O samba-enredo “Samba Enredo 1986 - Morfeu no carnaval, a utopia brasileira”, da G.R.E.S. Portela (RJ), utiliza Morfeu, deus grego do sono e dos sonhos, como símbolo central para abordar a realidade brasileira dos anos 1980. Ao pedir “Deixa Morfeu me levar / Nos seus braços, sonhador / Quero fugir da realidade / Desse mundo sofredor”, a letra expressa o desejo coletivo de escapar das dificuldades do cotidiano, especialmente em um período de crise econômica e transição política. O Carnaval e o samba aparecem como espaços de refúgio e utopia, onde é possível sonhar com uma vida melhor, mesmo que temporariamente.

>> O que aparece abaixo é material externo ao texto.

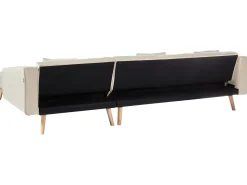 Hjørnesovesofa 4 personers VADSO Velour Lys Beige Venstrevendt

A música constrói imagens de um Brasil idealizado, como o “índio em sua selva a sorrir / Feliz nesse torrão / Livre do FMI e da poluição” e o trabalhador que “descola um troco e paga / Geral pro meu patrão (que é vacilão)”. Essas cenas utópicas contrastam com a realidade dura do “despertar dessa ilusão”, marcada por dificuldades como “quanta taxa pra pagar”, “trem lotado”, “desempregado e com criança pra criar”. O samba usa ironia e expressões populares para criticar a desigualdade e a influência estrangeira, como em “No país da bola / Só deita e rola / No país da bola / Quem vem com dólar...”. Ao mesmo tempo, celebra a capacidade do brasileiro de sonhar e rir diante das adversidades, mostrando o Carnaval como espaço de resistência e esperança.
O significado desta letra foi gerado automaticamente.